Older blog entries for ensonic (starting at number 99)

gtk-doc

I worked most of the December time on gtk-doc. After more that a year I released 1.12 and 1.13 on the same day:). Most notable features are probably that now one can have syntax highlighted and xreffed examples and the generated indexes have a prefix detection. That means the index has proper a,b,c sections and not everything under 'g' for for gnome libraries. The best thing - you don't need to do anything, just update your gtk-doc version. Now I hope that someone kindly installs 'highlight' (or 'gnu-highlight') on the server that runs library.gnome.org (or do we need them on build.gnome.org?) so that we get the highlighted docs there too.

Now if you want to do something, have a look at these two commits and do the same in your package. It helps maintenance and it builds faster. If you want even more speedups go for gtk-doc from git head. I managed to tweak the xslt to save a third of build time. I mostly replaced some templates to avoid i18n which the api-docs don't use anyway, but also cached some nodesets.

buzztard

On buzztard I also spent a little time, improving the docs and pushing the test coverage further. I will attack the bullets on the 0.6 roadmap next. Happy new year and stay tuned.

gtk-doc

I went over pending bugs and fixed a couple more parser errors. The testsuite is definitely helping. The I also had a stab on one feature request - print warnings for failed xrefs.
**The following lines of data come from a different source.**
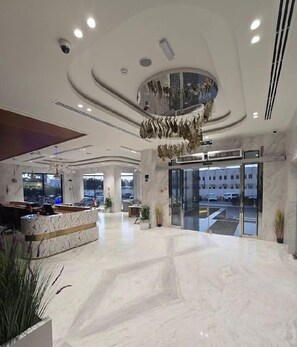 In-room safe, iron/ironing board, free WiFi - Alyas Hotel (Muscat)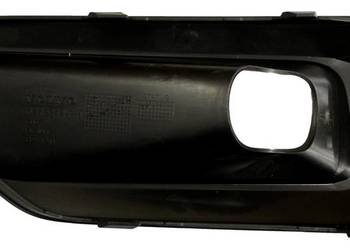 VOLVO XC40 przednia prawa kratka zderzaka OE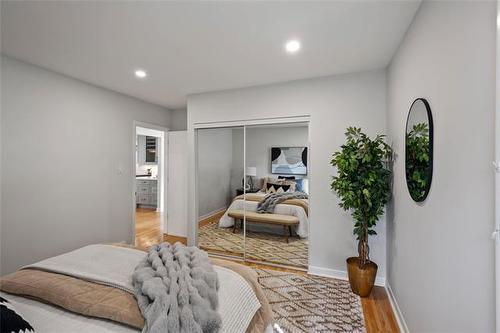 131 Buxton Rd, Winnipeg, MB - Indoor Photo Showing Bedroom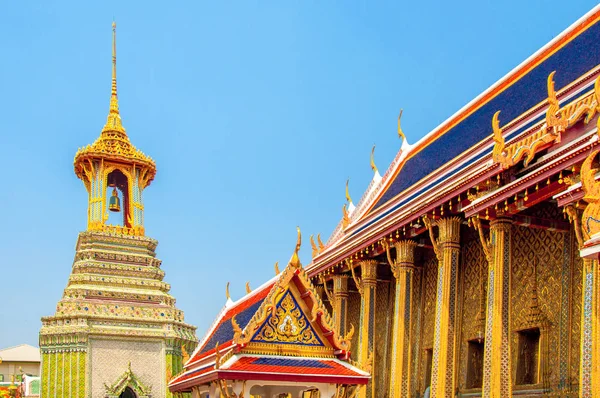 El campanario en Wat Phra Kaew, Palacio Real, Bangkok, Th —  Fotos de Stock
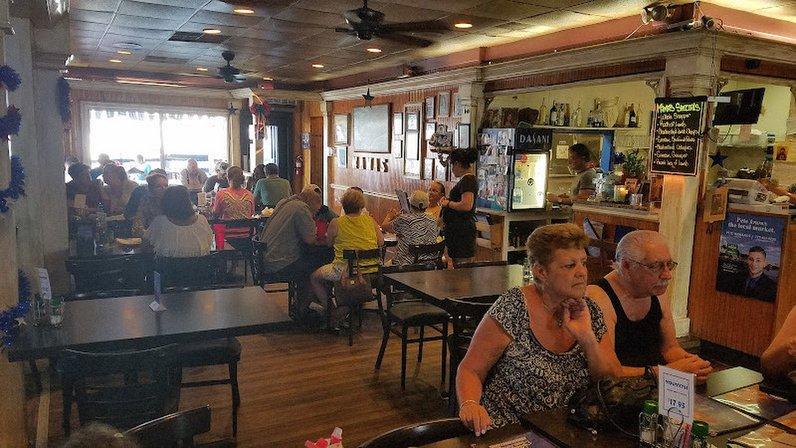 Mama's Greek Cuisine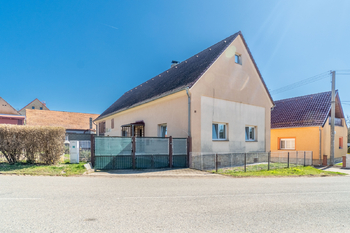 Prodej domu 98 m², Měcholupy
This would be helpful to fix typos in the doc comments that were intended as links, but don't become ones. It was easy to add the warnings, but unfortunately it produced lots of false positives. This is mainly because gtk-doc also creates implicit links. Almost one week later I had most of them under control and now the amount of false positives is quite low. I pushed my ohloh score by fixing the found issues already in gstreamer core/base and in buzztard. You can do the same in other libs. If noone complains any further I intend to release gtk-doc 1.12 this year still :)

buzztard

I made a nice change to the pipeline graph builder - It now uses a fixed internal format (float 32bit). This allows us to avoid plugging audioconvert elements in wires and machines. Now we plug them only if the machine cannot support the internal format. This gives 7 -> 1 sec speedup for load & play of e.g. Aenathron.bmx.
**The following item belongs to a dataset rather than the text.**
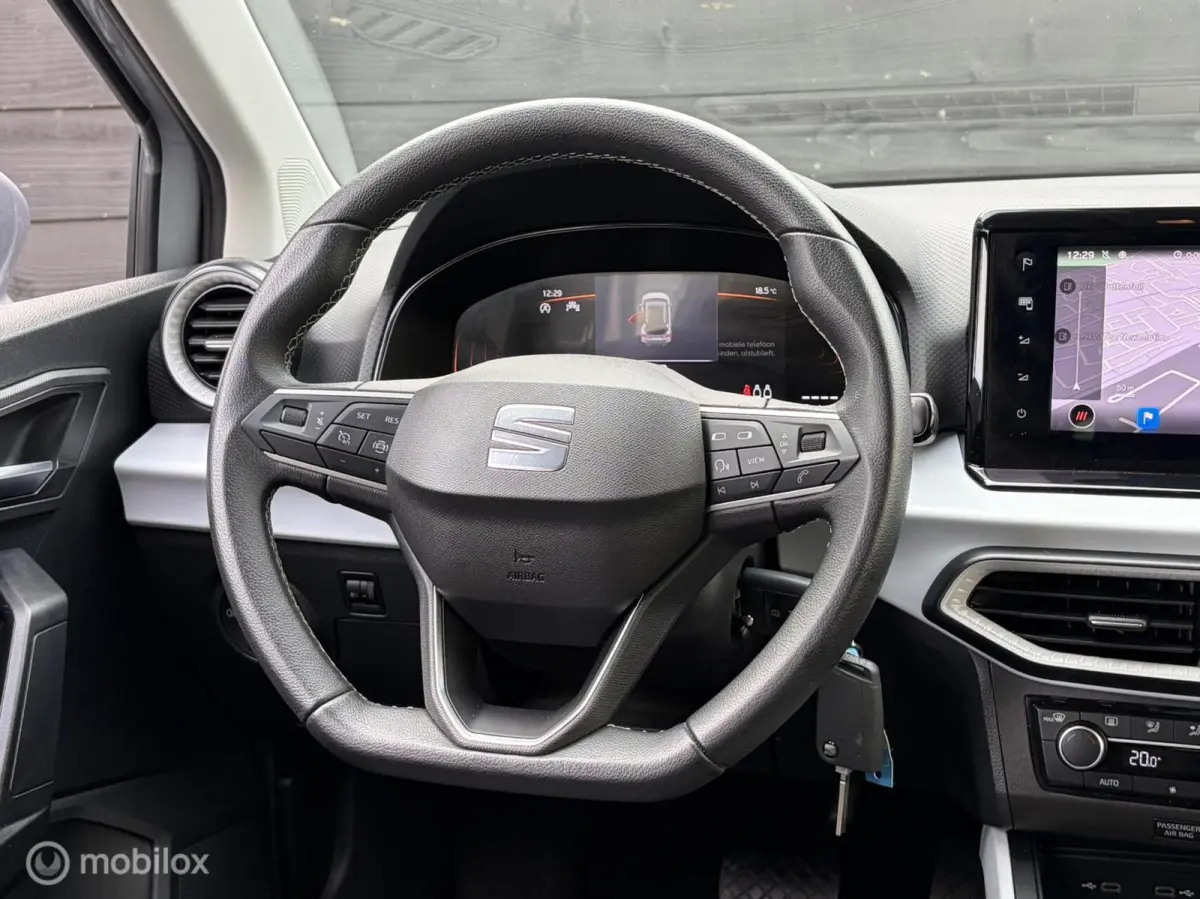 1.0 TSI Style AUTOMAAT 110 PK / Clima / Carplay / LM / 43.879 KM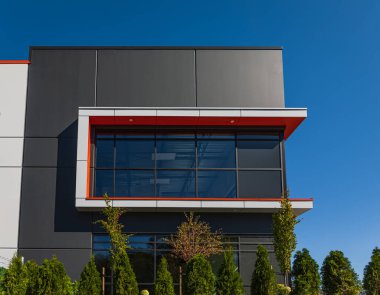 Lowrise ofis binası. Vancouver şehir merkezinde modern gelişim mimarisi. Hiç kimse, sokak fotoğrafı, seçici odak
In general also plain to wav rendering is now quite fast. On my AMD64 @ 1.8GHz the 11:45 min. song renders in 45 sec. and on my Intel Core 2 Duo @ 2.0GHz it takes 28 sec..

The rest of the month I spent a lot of time on project maintenance, improving the api-docs and writing more test. Regarding the latter, I got the test coverage improved a lot. Writing automated tests for some areas is quite tough though.

Then I also made a small change in the UI. All context menus can now be invoked via a popup menu button in the toolbar above (machine, pattern and sequence view), this makes it more usable on touchscreen devices.

upstream hacking

I started the month with upstream bugs work. First I looked into #581873, made a fix and two days later realized that my git checkout was on a stale branch and its already fixed in gtk+-2.18. Next I looked at the mime matching issue that is already plaguing me for a while (#541236). I also have a patch for that and hope that I get green light for it or a review how it should be fixed instead.

buzztard

In buzztard I implemented copy and paste in sequence. I also found our what I did wrong in my clipboard handling code (see my previous post). Dunno what wrong with the old code, but this change made it work:


GtkClipboard *cb
-cb=gtk_clipboard_get_for_display(gdk_display_get_default(),GDK_SELECTION_CLIPBOARD);
+cb=gtk_widget_get_clipboard(widget,GDK_SELECTION_CLIPBOARD);

Next I finally got rid of the gnomevfs hard dependency. It is only needed if you have a quite old gtk to get help working. While testing I noticed that some translations disappear during run time. I made some i18n handling fixes regarding to initialisation and libraries.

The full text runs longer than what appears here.